A funding crunch had cast uncertainty on the reconstruction of homes damaged by the monsoon-induced disasters last year.
Anil Pokharel, chief executive officer of National Disaster Risk Reduction and Management Authority, said with the funds secured, concerns over the delay in reconstruction of homes damaged by floods and landslides in 2020 have been quelled.
“We have managed the funds from the Ministry of Finance and the internal resources of the authority to start the reconstruction work,” Pokharel told the Post.
In January, the government, through its working procedures, had decided that private houses damaged beyond repair by monsoon-related disasters last year would be built under a modality similar to the one adopted to rebuild the houses lost to the devastating earthquake of 2015.
But the reconstruction process had not taken off until mid-March, as the authority had not received funds from the Finance Ministry. The delay meant families rendered homeless in last year’s disaster had no option but to take refuge at their relatives and neighbors, or live in temporary shelters under the open sky.

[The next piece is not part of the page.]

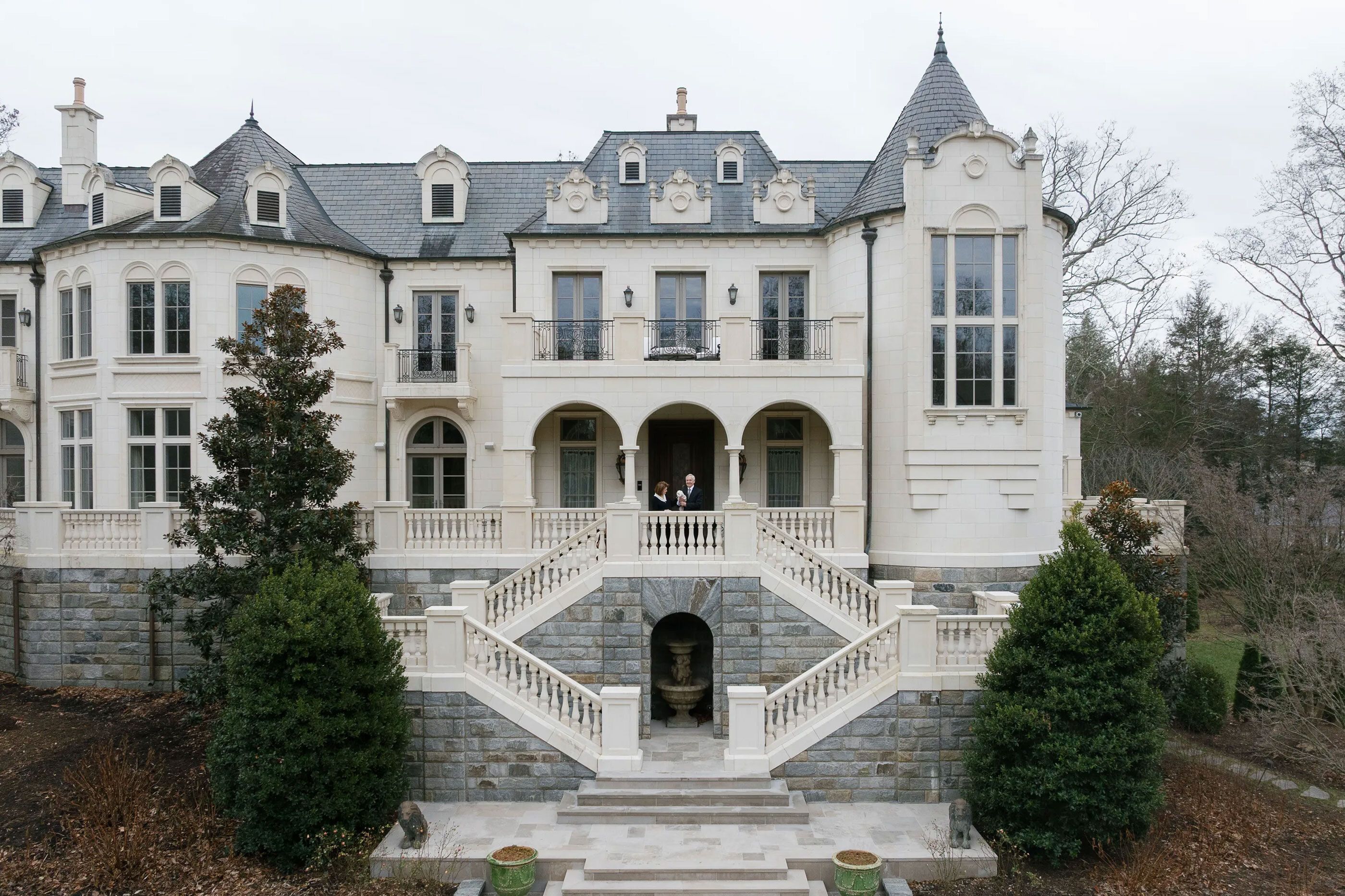 Olin Exterior Crop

“We will be distributing the first tranche of the rebuilding aid as soon as possible,” Pokharel said. “We can distribute the aid in districts where the data collection of damaged houses has been completed and verified.”
With Rs. 200 million from the Finance Ministry and Rs. 500 million from Disaster Management Fund under the federal government, a total of Rs. 700 million has been made available for the reconstruction process, according to Pokharel.

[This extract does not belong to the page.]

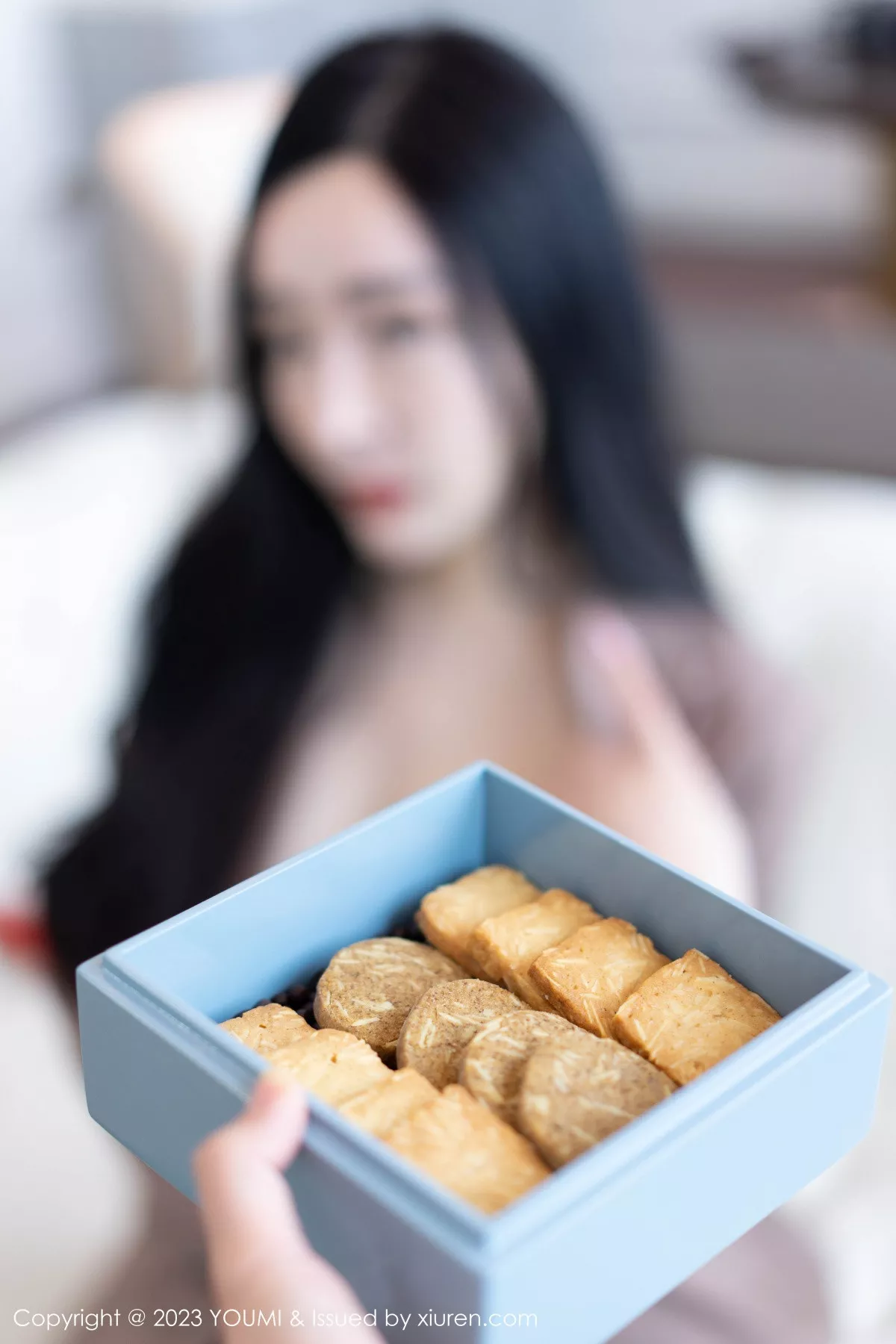 秀人集.com_[YouMi尤蜜荟]Vol.950_模特允爾性感咖啡色上衣配白短裙露超薄黑丝秀丰满身材诱惑写真73P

The 2020 monsoon was the deadliest in many years in terms of lives lost. In the four months between June 12, 2020 and October 16, 2020, 367 people died due to various monsoon-related disasters. Of them, 293 people were killed in landslides, 39 in floods and 35 by lightning strikes. Another 100 went missing and 325 suffered injuries, according to official figures.
Families that lost their homes to disasters after June 12, when the monsoon entered the country, are eligible to receive the rebuilding aid. This includes the houses damaged since the landslide in Durlung, Parbat, the incident that took place on June 12.
Authorities are still unsure how many houses will need to be rebuilt under the government’s aid program, as the assessment and verification of families eligible for the support is not over yet.
“Our estimate shows there could be around 2,600 private houses which will require government aid,” Pokharel told the Post. “We have started the work keeping up to 2,600 houses on our list. This figure could go up as we are still waiting for the final data.”
The aid beneficiaries will get financial support in three installments. As per the guidelines, beneficiaries selected in the mountain districts will get Rs. 500,000 and those in the hill and the Tarai districts will get Rs. 400,000 and Rs. 300,000 respectively.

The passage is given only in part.